Prompt: Transcribe, starting at the line with "EUROPALMS Pine Bonsai, 70cm #10" and ending at the line with "Chick 1 - Left side, wing feathers & legs", every line of the material below exactly, but leave out the pictures and anything outside that span.

Working data:

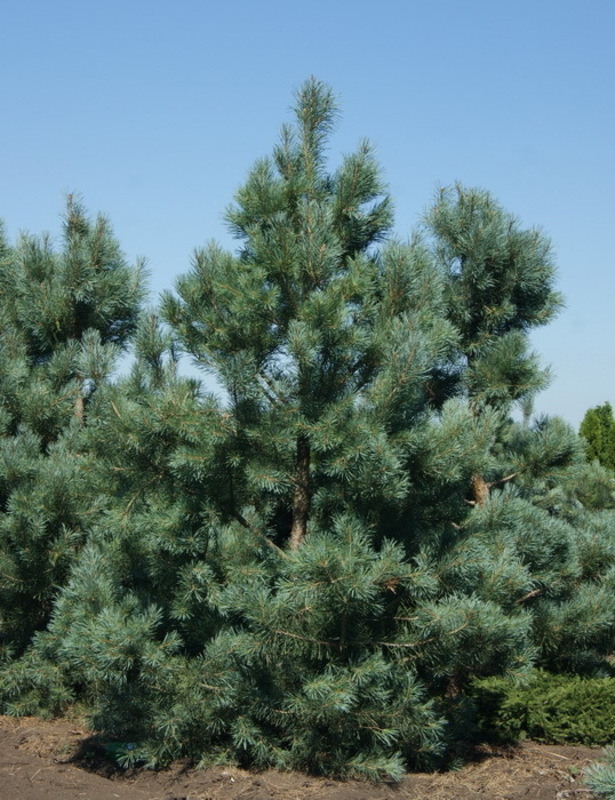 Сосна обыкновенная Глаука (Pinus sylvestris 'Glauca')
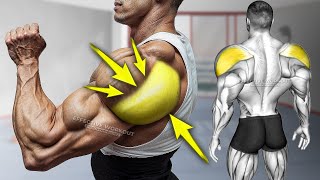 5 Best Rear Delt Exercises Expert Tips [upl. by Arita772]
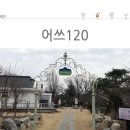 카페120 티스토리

* * *

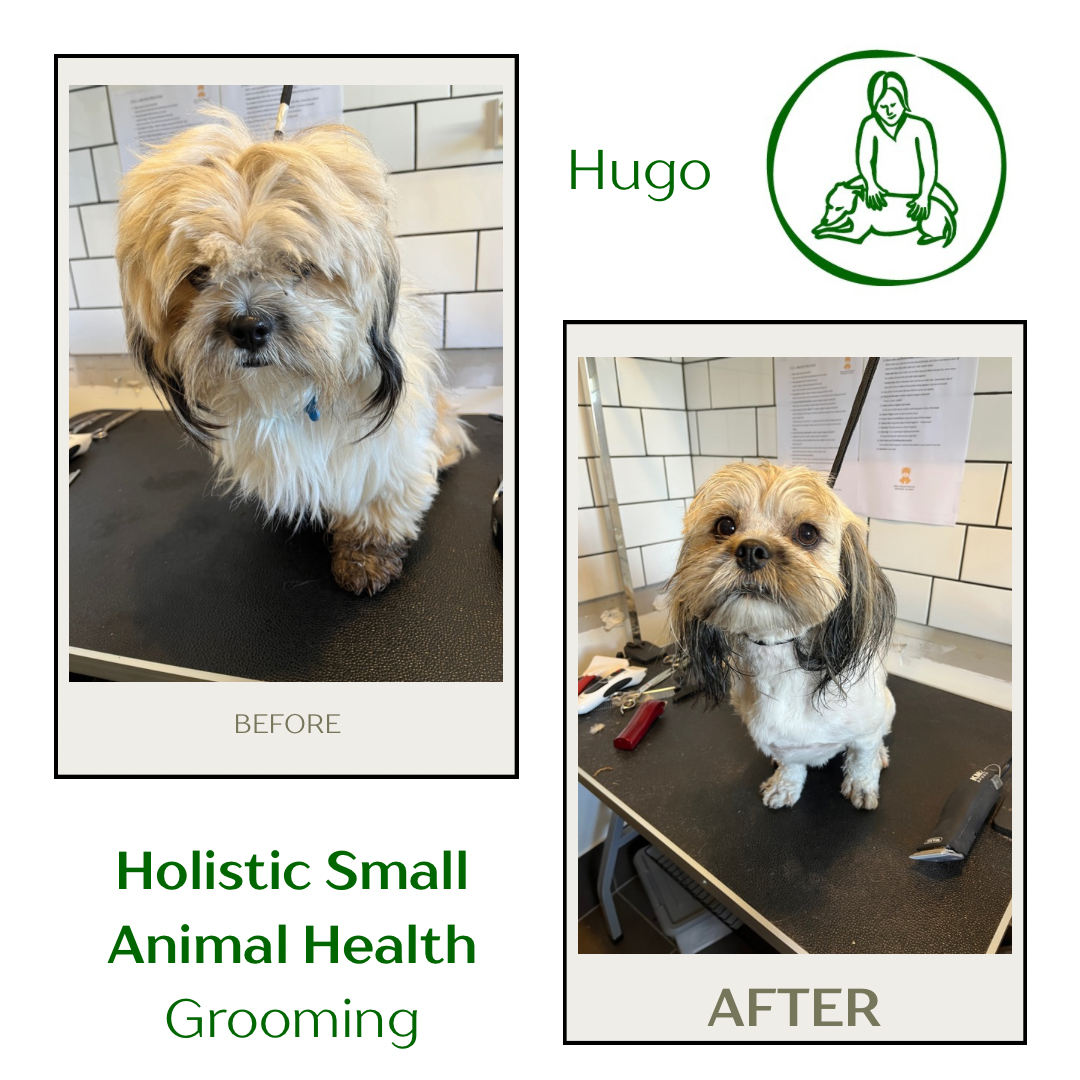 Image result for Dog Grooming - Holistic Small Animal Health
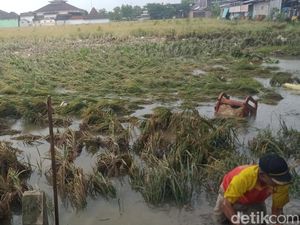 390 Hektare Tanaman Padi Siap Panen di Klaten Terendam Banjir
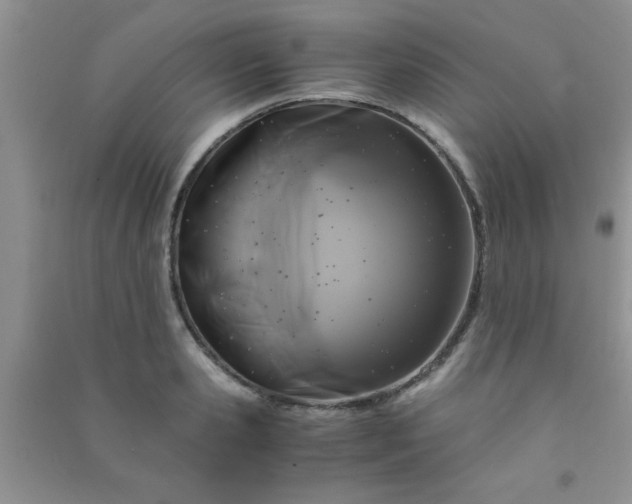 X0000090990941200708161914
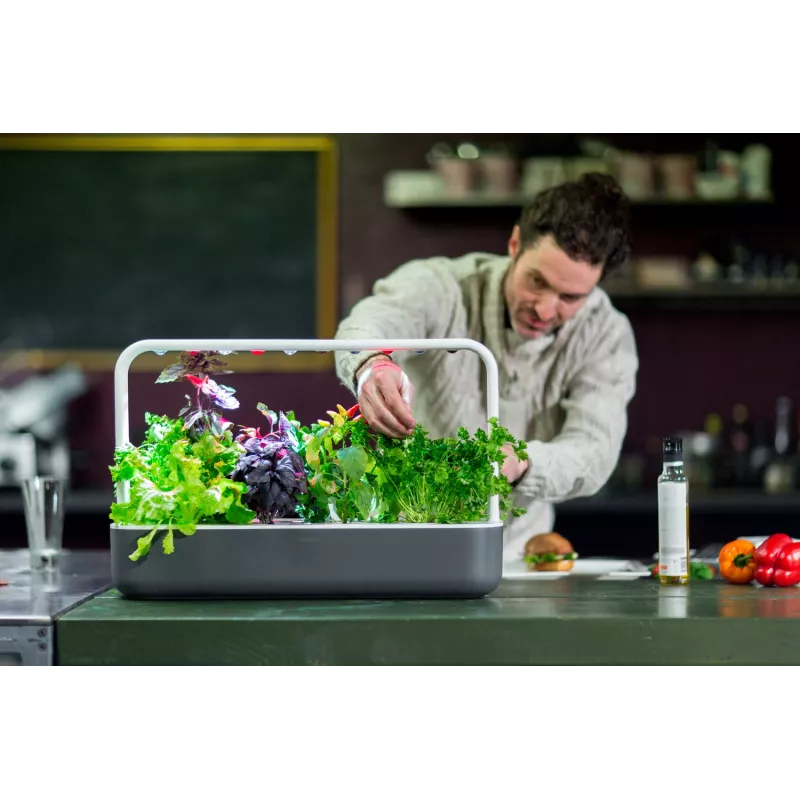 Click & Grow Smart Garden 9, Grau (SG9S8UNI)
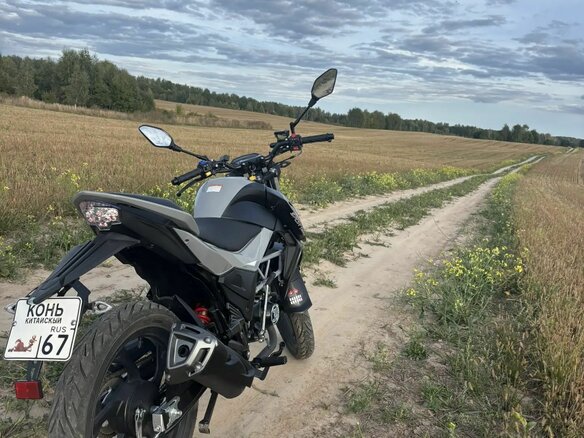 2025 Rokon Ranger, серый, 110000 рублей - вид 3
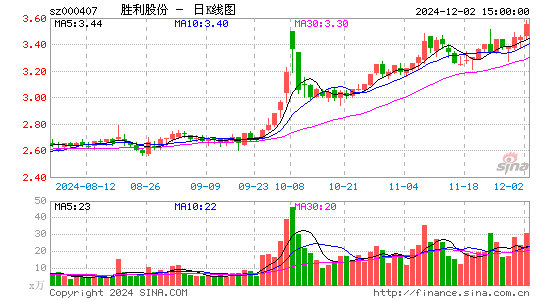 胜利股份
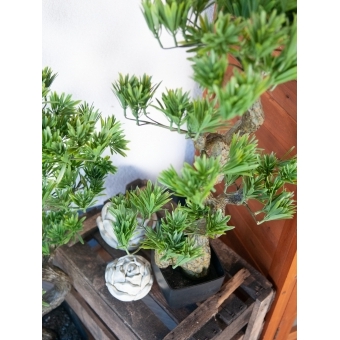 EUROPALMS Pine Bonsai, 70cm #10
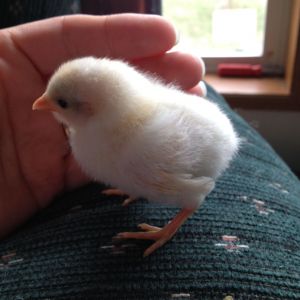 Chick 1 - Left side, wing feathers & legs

Result of this task:
 EUROPALMS Pine Bonsai, 70cm #10
 Chick 1 - Left side, wing feathers & legs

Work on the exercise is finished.